As imagens capturadas durante o evento revelam uma explosão no topo do foguete, seguida por uma segunda detonação — ambas manifestando-se em um clarão que iluminou o céu noturno e sacudiu residências próximas . A massa de destroços resultante da explosão se espalhou pela plataforma de testes, e o fogo persistiu por cerca de duas horas, até ser contido pelos serviços de emergência.

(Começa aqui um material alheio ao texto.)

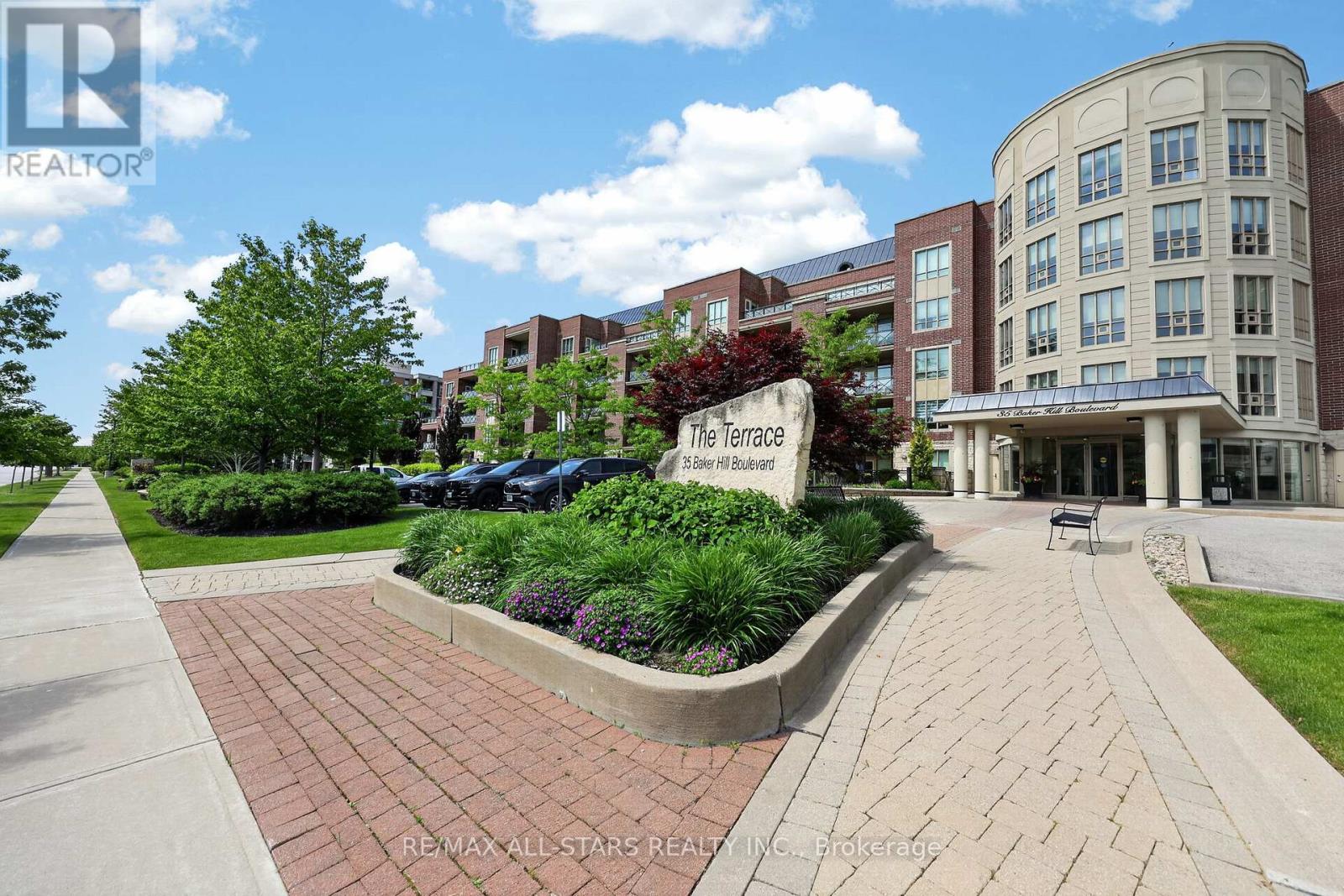 115 - 35 Baker Hill Boulevard, Whitchurch-Stouffville, Ontario  L4A 1P8 - Photo 2 - N13445328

Mesmo com a força do evento, todas as equipes presentes se encontravam em uma zona de segurança já evacuada — o que impediu qualquer ferimento . A SpaceX publicou um comunicado no X (antigo Twitter), afirmando que “não há riscos para a comunidade local” e que já está em colaboração com autoridades e equipes de resposta para garantir a segurança no local.
Este incidente representa mais um revés na trajetória de desenvolvimento do Starship: já neste ano, foram registradas falhas durante os testes de voo 7, 8 e 9, sendo este último parcialmente bem‑sucedido, embora o foguete tenha sido destruído durante a reentrada na atmosfera. A plataforma 36 estava sendo preparada para o seu décimo teste de voo — poucos dias antes de ocorrer — e seria parte do novo design V2, com mais capacidade de combustível e maior confiabilidade.
O Starship é o maior foguete já construído pela humanidade — com aproximadamente 123 m de altura —, sendo composto por um propulsor Super Heavy e o estágio superior Starship. O projeto visa tornar a espaçonave completamente reutilizável, reduzindo custos e permitindo o transporte de até 150 toneladas de carga para a órbita terrestre, Lua ou Marte, com planos ambiciosos para missões humanas futuras, incluindo o programa Artemis da NASA, previsto para 2027.
Especialistas e analistas do setor ressaltam que o modelo de desenvolvimento “falhar rápido, aprender rápido” é reconhecido como uma estratégia para a inovação aeroespacial. No entanto, com as explosões sucessivas, cresce a pressão tanto para manter o cronograma ambicioso de viagens à Lua e Marte quanto para garantir padrões de segurança e confiabilidade no equipamento.
O impacto imediato desta nova falha é a retração na muito esperada 10ª viagem experimental, com prazos provavelmente adiados. A SpaceX terá de analisar os dados coletados do teste estático (sensores, pressão, válvulas, integridade estrutural) e reformar tanto a plataforma quanto o próprio Starship antes de uma nova tentativa, o que pode levar semanas ou até meses de trabalho técnico intensivo .

No panorama geral, embora esta explosão não envolva tripulação nem gere vítimas, ela evidencia os desafios tecnológicos extremos enfrentados pela SpaceX na busca por foguetes totalmente reutilizáveis — uma peça central dos planos da empresa para tornar humana a exploração de Marte. A comunidade científica e aeroespacial permanece atenta à resposta da empresa, aguardando ajustes que garantam a segurança dos próximos testes e a continuidade de um projeto que, caso bem‑sucedido, promete reescrever a história das viagens espaciais.